Burning Bright (Peter Ash #2)(120)



“I’ll wait for you,” she said, “but not forever. Because I need all of you. Not this half-life you’re living now, without work, without a home. I can’t spend my life in a tent. So don’t come back until you’re ready to sleep inside a real house, in a real bed.”

She put a soft hand on his cheek. The spray of freckles across her face, her pixie-cut hair, he thought she’d never been so beautiful.

Then she turned and walked alone, back the way they had come, toward the big farmhouse under the sheltering maples, in the shadow of the black barns.





EPILOGUE



The old green pickup with the mahogany cargo box rumbled down the arrow-straight road. Lewis was behind the wheel. The ache in Peter’s leg had gotten worse.

They both saw him at the same time, an ordinary figure seeming pale and insubstantial in the bright afternoon sun. He’d just left one of the plastic-sheeted greenhouses, walked to the next in line, pushed open the flap and stepped inside.

Lewis hit the brake before Peter could say anything. They both needed to know.

The engine was clearly audible, but they closed their doors with a thump, just to make sure he understood. They weren’t trying to sneak up on him. A few goats nibbled on weeds from the compost piles.

He pushed the flap open with a gun in his hand, but it disappeared so quickly Peter almost doubted it was ever there. He looked at them without speaking.

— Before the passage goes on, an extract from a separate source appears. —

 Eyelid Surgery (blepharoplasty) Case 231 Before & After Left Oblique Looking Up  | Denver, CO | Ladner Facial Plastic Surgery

“Is your name really Shepard?” asked Peter.

Shepard nodded.

“I’m Peter. This is Lewis.”

Shepard just looked at them. His face was impossible to read, but Peter felt something there. Not hostility, but a kind of curiosity. As if Peter was an object of study, and Lewis, too.

“Are you really retired?”

Shepard blinked twice. “I believe so,” he said, as if he hadn’t been entirely sure until that moment. “I’ve lost interest in the work.”

“What else will you do?”

“Recently I’ve developed an interest in gardening.”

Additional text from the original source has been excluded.